Schriftelijke vraag nr. 4-2596

van Nahima Lanjri (CD&V) d.d. 12 januari 2009

aan de minister van Maatschappelijke Integratie, Pensioenen en Grote Steden

Stookoliefonds - Verbruikers van gas en elektriciteit - Doelgroepen

gas
elektrische energie
sociaal achtergestelde groep
stookolie
verwarming
begrotingsfonds
laag inkomen
hulp aan minderbegunstigden

Chronologie

12/1/2009Verzending vraag (Einde van de antwoordtermijn: 12/2/2009)
2/3/2009Antwoord

Herindiening van : schriftelijke vraag 4-723

Vraag nr. 4-2596 d.d. 12 januari 2009 : (Vraag gesteld in het Nederlands)

Enkele weken geleden werd de uitbreiding van het stookoliefonds goedgekeurd. De doelgroep werd sterk uitgebreid en de tussenkomst verhoogd. Ongeveer 100 000 gezinnen konden genieten van het bestaande systeem. Met de nieuwe regeling zouden dat er ongeveer 300 000 worden. De inkomensgrens is opgetrokken tot 22 873 euro. Wie nu reeds een tussenkomst ontvangt, kan rekenen op maximaal 210 euro per jaar. Voor de nieuwe categorie gaat het om maximaal 105 euro.

De regering kondigde toen eveneens aan dat ook de verbruikers van gas en elektriciteit beroep zouden kunnen doen op een tussenkomst. Want niet alle mensen met een laag inkomen verwarmen hun woning met stookolie.

De regering heeft beslist om één uniek fonds te stichten voor mensen met een bepaald inkomen.

Welke stappen werden reeds gezet?

Welke doelgroep zal hiervan kunnen genieten?

Hoe zal het worden uitgewerkt?

Wanneer zal men daarop beroep kunnen doen?

Antwoord ontvangen op 2 maart 2009 :

Als antwoord op haar vragen kan ik het geachte lid het volgende meedelen:

De in 2006 door de Programmatorische Overheidsdienst (POD) Maatschappelijke Integratie bestelde studie gaf als aanbeveling de verschillende fondsen op termijn te harmoniseren.

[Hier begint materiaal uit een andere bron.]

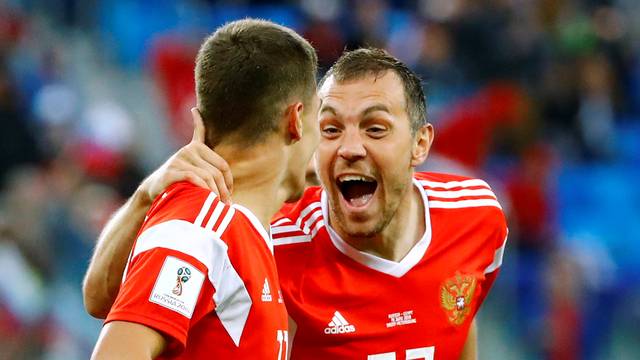 Russos comemoram um dos gols diante do Egito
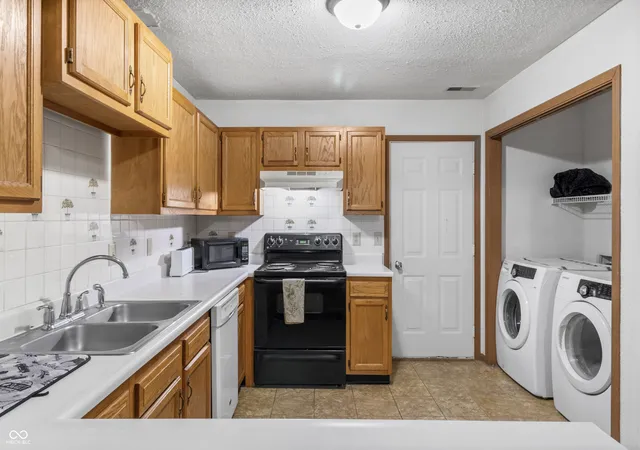 Photo 3 of Single family home for sale at 1216 Country Crk Cir, Indianapolis, IN 46234 | MLS# 22109415 | Listing updated on 2026-09-21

Deze fondsen bestrijken immers niet dezelfde werkelijkheid, noch beschikken zij over gelijke budgetten. Zij functioneren ook op verschillende manieren en beogen onderscheiden doelstellingen.

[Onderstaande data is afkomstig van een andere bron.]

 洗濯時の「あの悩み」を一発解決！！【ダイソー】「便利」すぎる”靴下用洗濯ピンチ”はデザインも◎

Een van de eerste stappen die is gezet om tot zulke harmonisatie te komen is het Sociaal Stookoliefonds te laten functioneren voor een verwarmingsperiode van één jaar.

Een andere realisatie is het toekennen van een forfaitaire vermindering voor de vierde categorie van verbruikers van het Sociaal Stookoliefonds, analoog met met de reeds bestaande forfaitaire vermindering voor gas en elektriciteit.

Beide elementen zijn intussen bij programmawet van 22 december 2008 ingevoerd: de artikelen 44 tot en met 52 voor wat betreft de forfaitaire verminderingen voor aardgas, elektriciteit en stookolie toegekend door de Federale Overheidsdienst (FOD) Economie, en de artikelen 249 tot en met 264 voor wat betreft de verwarmingstoelage toegekend door de openbare centra voor maatschappelijk welzijn (OCMW). Deze bepalingen zijn op 1 januari 2009 in werking getreden. Vanaf 1 januari 2009 zijn de toegangsvoorwaarden voor de forfaitaire vermindering van 105 euro dus gelijk voor mensen die zich verwarmen op stookolie, gas of elektriciteit.